TASK INSTRUCTIONS
Type the records that follow again exactly as written, but drop the pictures.

::: DATA TO USE

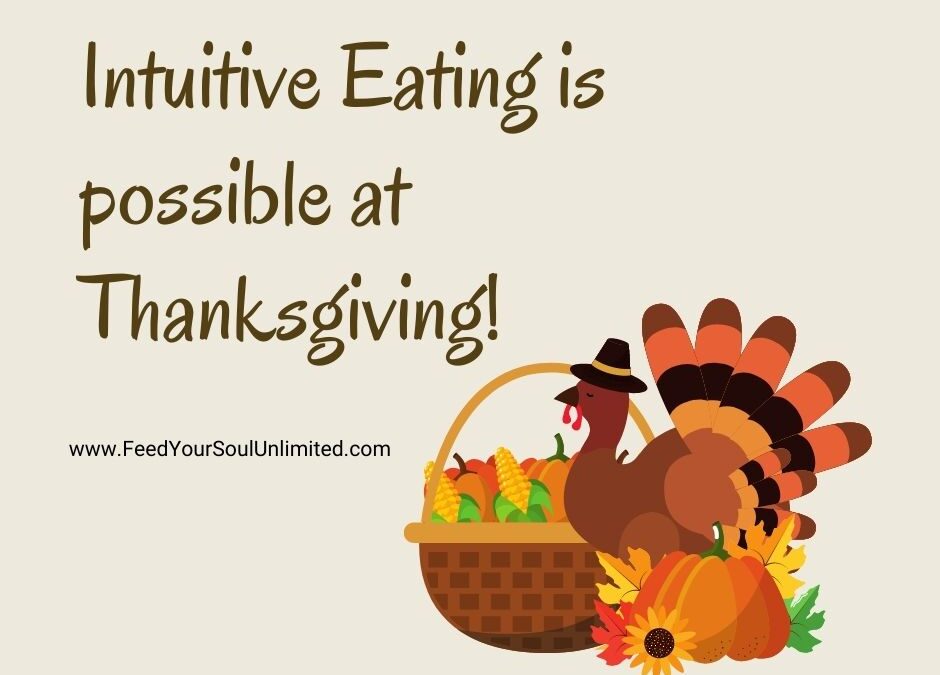 Intuitive Eating at Thanksgiving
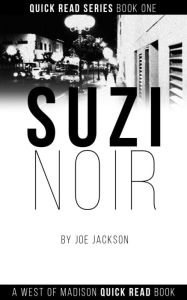 Title: Suzi Noir, Author: Joe Jackson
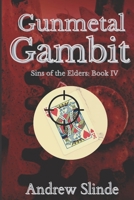Gunmetal Gambit: Sins of the Elders Book 4 B09K1TY6HT Book Cover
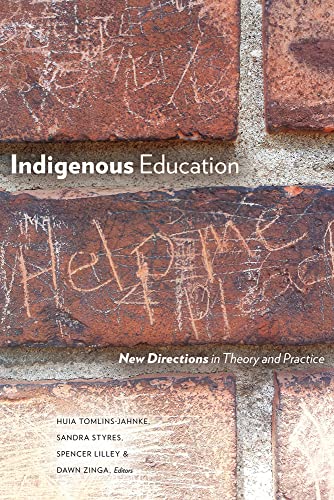 Imagen de archivo de Indigenous Education: New Directions in Theory and Practice a la venta por Revaluation Books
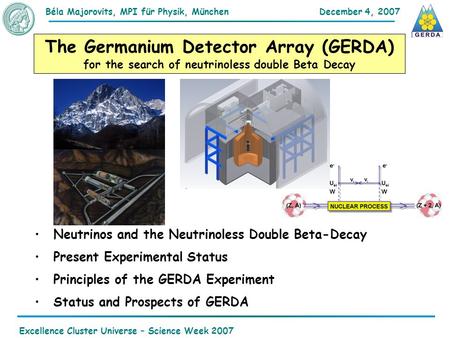 December 4, 2007Béla Majorovits,MPI für Physik, München Excellence Cluster Universe – Science Week 2007 The Germanium Detector Array (GERDA) for the search.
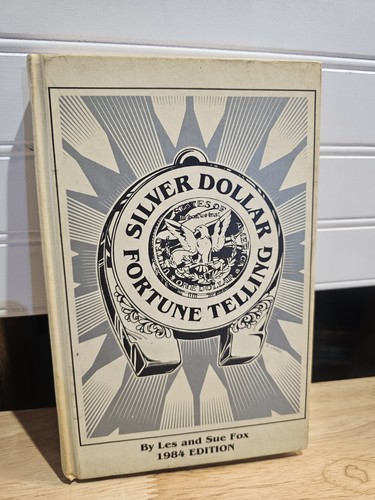 Silver Dollar Fortune Telling By Les & Sue Fox 1984 5th Edition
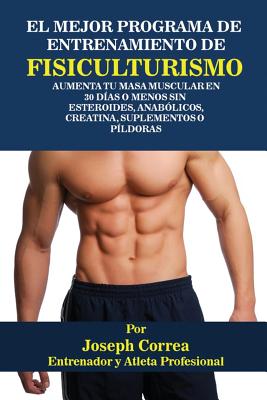 El Mejor Programa De Entrenamiento De Fisiculturismo: Aumenta Tu Masa Muscular En 30 Días O Menos Sin Esteroides, Anabólicos, Creatina, Suplementos O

::::::

RESULT OF THIS TASK
 Intuitive Eating at Thanksgiving
 Title: Suzi Noir, Author: Joe Jackson
Gunmetal Gambit: Sins of the Elders Book 4 B09K1TY6HT Book Cover
 Imagen de archivo de Indigenous Education: New Directions in Theory and Practice a la venta por Revaluation Books
 December 4, 2007Béla Majorovits,MPI für Physik, München Excellence Cluster Universe – Science Week 2007 The Germanium Detector Array (GERDA) for the search.
 Silver Dollar Fortune Telling By Les & Sue Fox 1984 5th Edition
 El Mejor Programa De Entrenamiento De Fisiculturismo: Aumenta Tu Masa Muscular En 30 Días O Menos Sin Esteroides, Anabólicos, Creatina, Suplementos O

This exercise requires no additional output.